Dissecting the role of the airway epithelium in mycobacterial infections

Tuberculosis (TB) remains the world’s most lethal infectious disease, and there is an urgent need for a more detailed understanding of (early) infection events and the host factors involved in order to develop new strategies for TB treatment and infection prevention. Although most cases of TB are pulmonary, the role of the lung epithelium, particularly in the conducting airways, is understudied. The epithelium is able to sense invasion of the lung by mycobacteria responds via secretion of antimicrobials as well as cytokines and chemokines that attract innate and adaptive immune cells. As such, the lung epithelium is a critical first responder against airborne pathogens like Mycobacterium tuberculosis and related species. In this thesis, we aimed to dissect airway epithelial responses to various species of mycobacteria.
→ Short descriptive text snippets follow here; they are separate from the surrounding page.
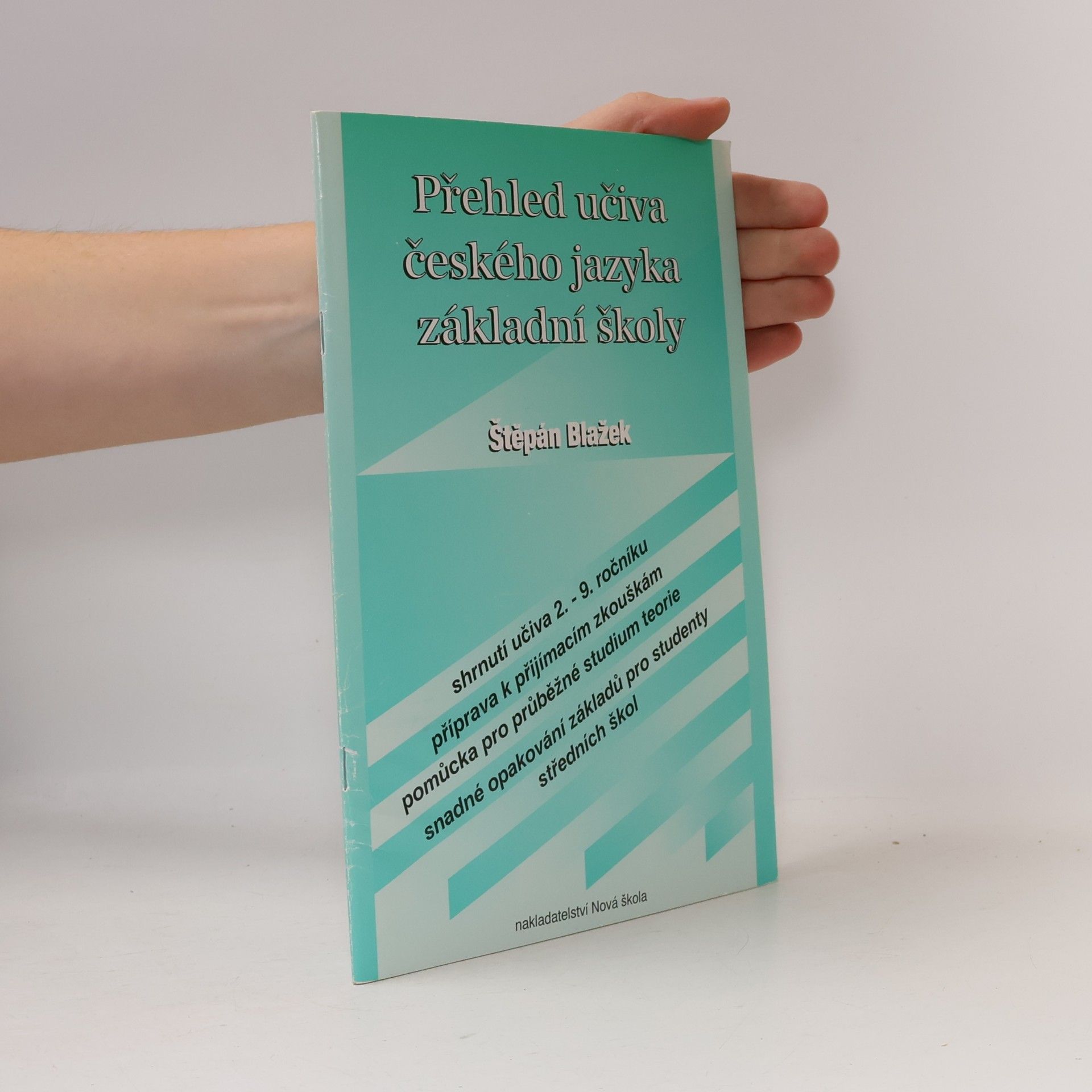 Přehled učiva českého jazyka základní školy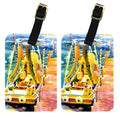 Shrimp Boats Luggage Tag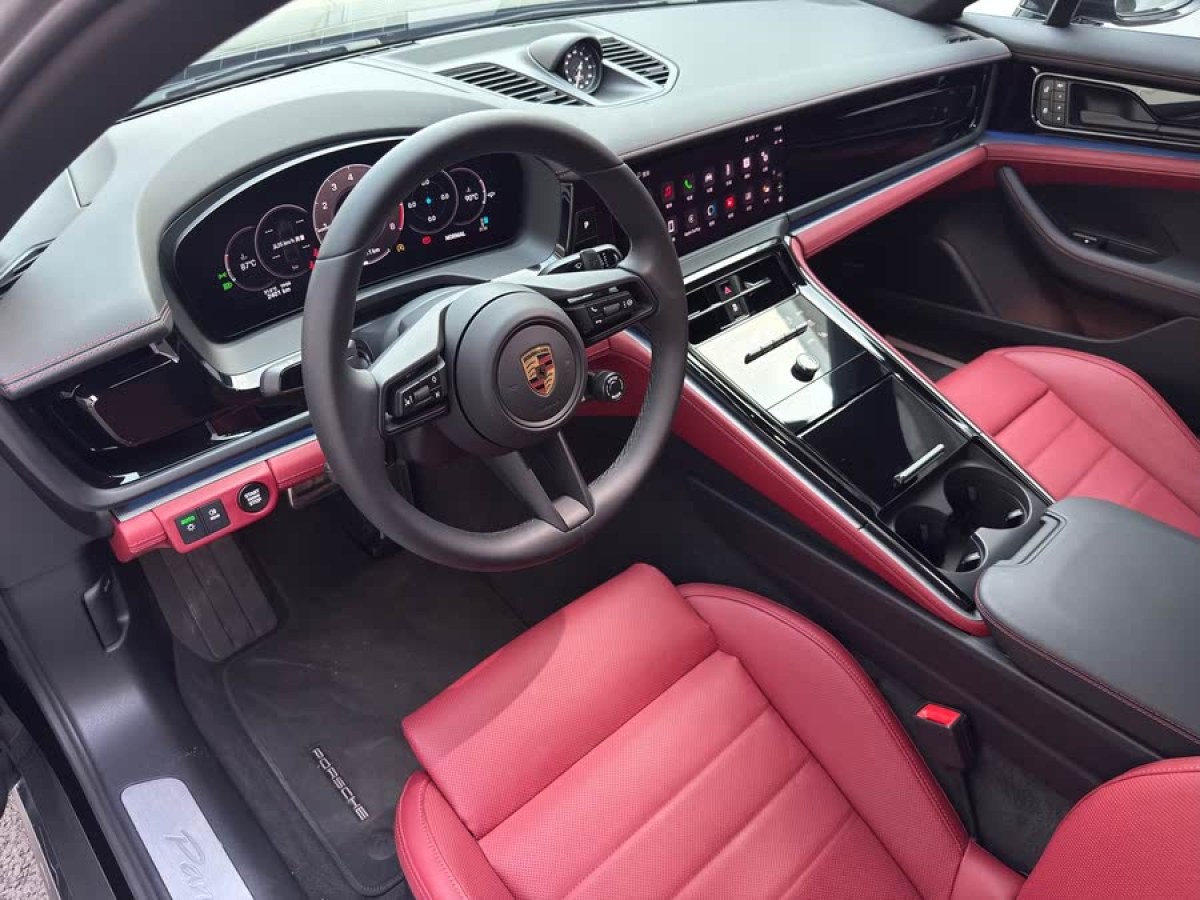 保時捷 Panamera  2024款 Panamera 行政加長版 2.9T圖片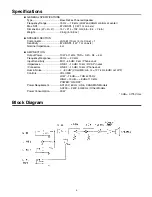 Предварительный просмотр 6 страницы Yamaha MS101II Operating Manual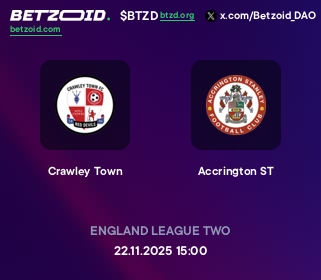 Crawley Town - Accrington ST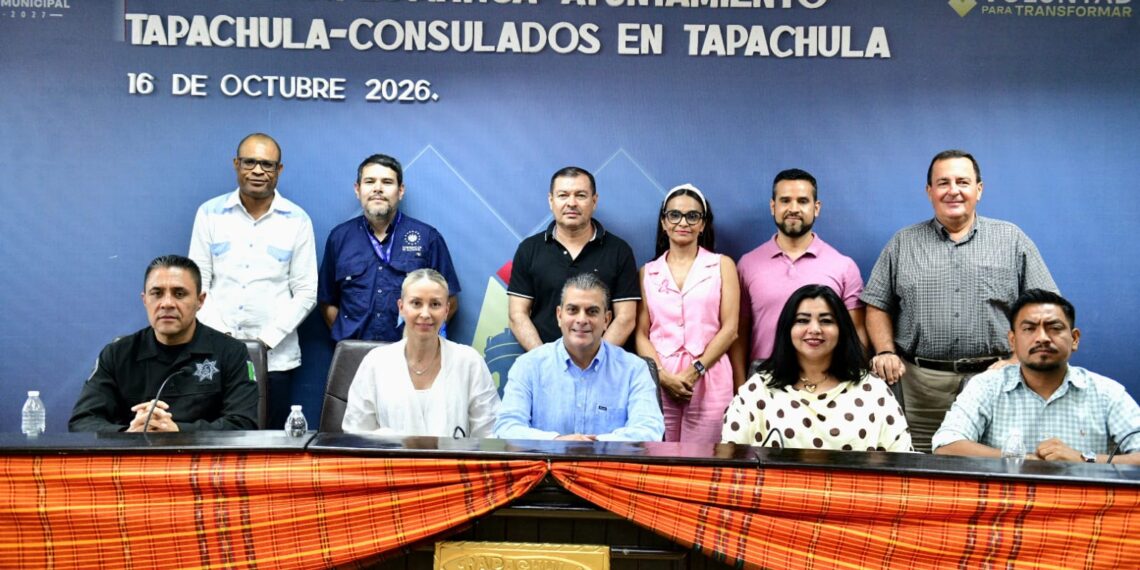 Tapachula, un municipio de puertas abiertas: Yamil Melgar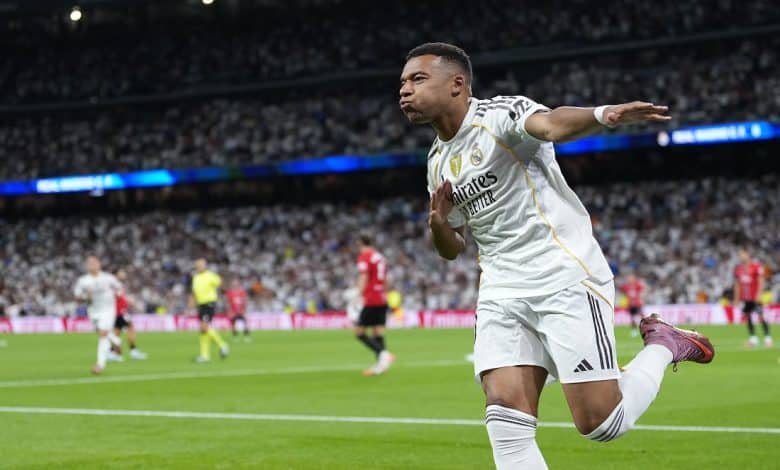 كيليان مبابي لاعب ريال مدريد- (المصدر:Gettyimages)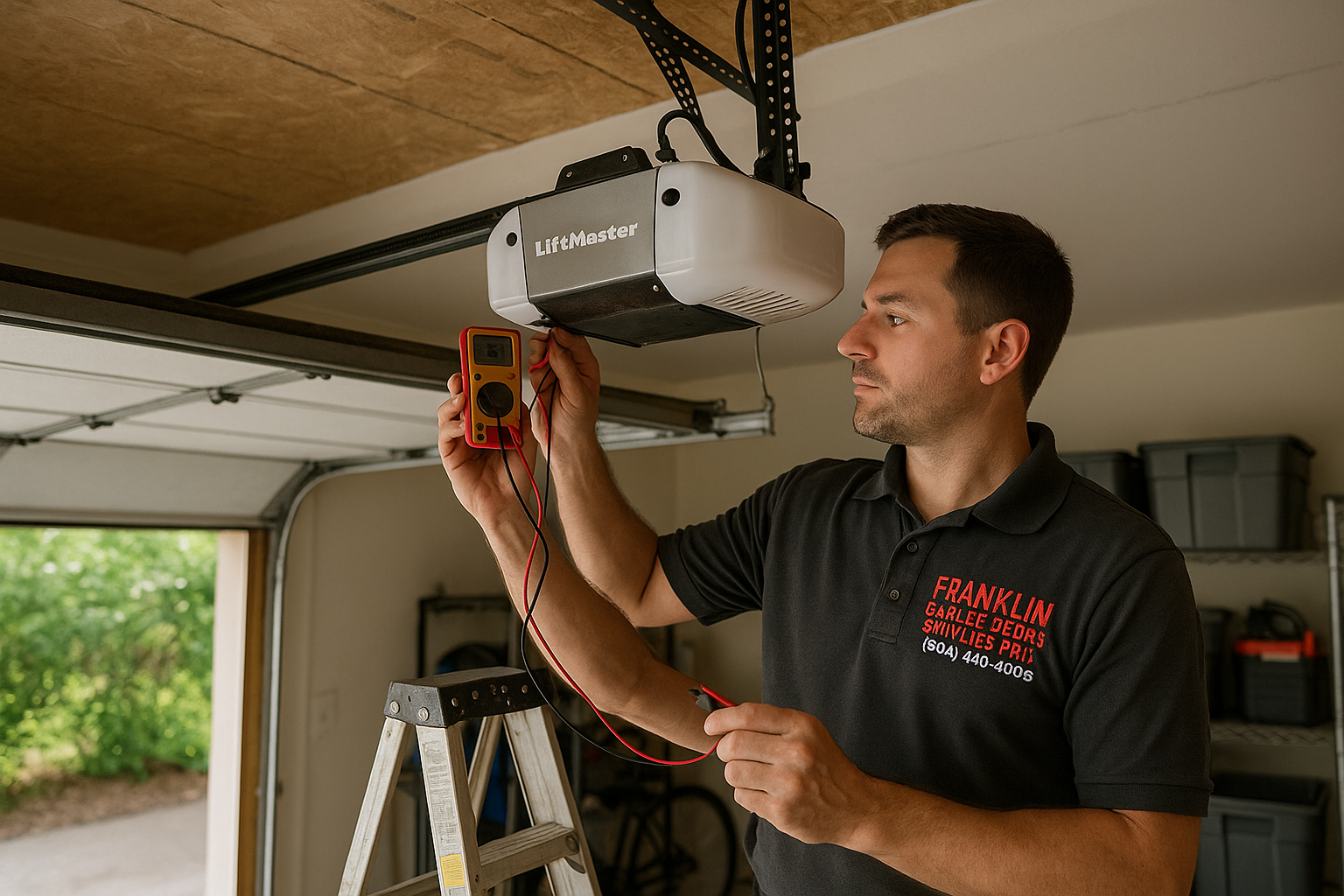Garage Door Opener Repair service in Fountain Valley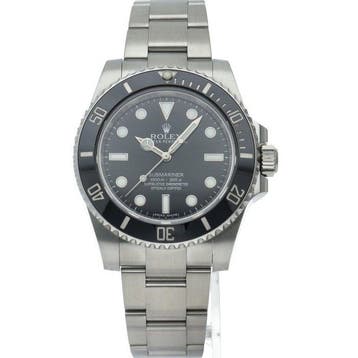 Rolex - Submariner Watch with Mirrored Buckle - 114060 -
Epithelial host responses induced by different mycobacterial species largely overlapped, and consisted mainly of increased inflammation and antimicrobial secretion. Continuous exposure of epithelial cells to mycobacteria induced partial cellular reprogramming towards a mesenchymal phenotype. Prior exposures to mycobacteria generally reduced the infection efficiency during a second exposure, also when exposed to different species sequentially. Acute smoke exposure had limited long-term effects on the epithelial host response to infection, but biofilm formation was increased. Finally, mycobacteria formed biofilms on airway epithelial cells, and infection with mycobacteria was detrimental to mucosal barrier integrity.